Du «trinc» et du «ptyx», mots insensés et inouïs, naîtra l’œuvre de Rabelais et de Mallarmé. Contre toute attente, ce qui donne élan à leur écriture n’émane pas de grandes pensées, mais de choses si triviales qu’on ne les remarque même pas, car indignes d’être évoquées. C’est l’expérience proustienne dans le temps retrouvé. La collision du passé dans le présent, vécue comme une victoire sur le temps, se produit à partir de signes négligeables: bruit de cuillère, froissement de serviette, heurt de pied. De cette collision de deux sensations appartenant à deux époques différentes, on pourrait capturer la couleur de leur résonance qui ne se rapporte ni tout à fait à l’une ni tout à fait à l’autre. Futur antérieur donc, qui n’a jamais vraiment eu lieu: une immersion du passé dans le présent, un passé réécrit, ou une lutte de deux temps où l’un n’est déjà plus et l’autre pas encore. Et de cette fissure, surgira une «Figure» dépouillée de toute fonction figurative, à l’image de l’irruption de Combray dans une tasse de thé, mais sous sa forme artistique et telle qu’elle n’a pas été vécue.

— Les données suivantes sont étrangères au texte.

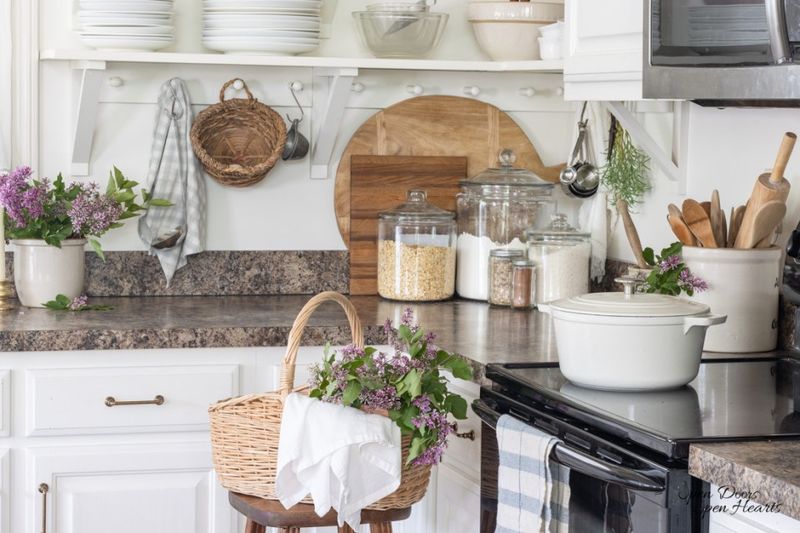 5 Interior Pieces To Avoid And 5 That Designers Say Are Here To Stay - Decor Hint Outdated: Mason Jar Everything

Ainsi, le style et l’œuvre ne proviennent pas d’expériences extraordinaires, ni de passions, mais de bruits prosaïques, de simples apparences sensibles et de vagues impressions qui renvoient à d’autres vagues impressions; esthétique du fragment donc, de coutures et de rapiéçages, des débris irréductibles à l’Un et qui se tissent par vibration. Le terme de la traversée est inattendue: le style prend sa source de résonances insignifiantes, de cliquetis, d’un murmure ou d’une saveur, détachées de toute profondeur et de tout sens, annonçant cette conclusion déconcertante: « 'Il n’y a rien de plus profond que le superficiel', parce qu’il n’y a pas de profond du tout», dira Lacan en citant Gide.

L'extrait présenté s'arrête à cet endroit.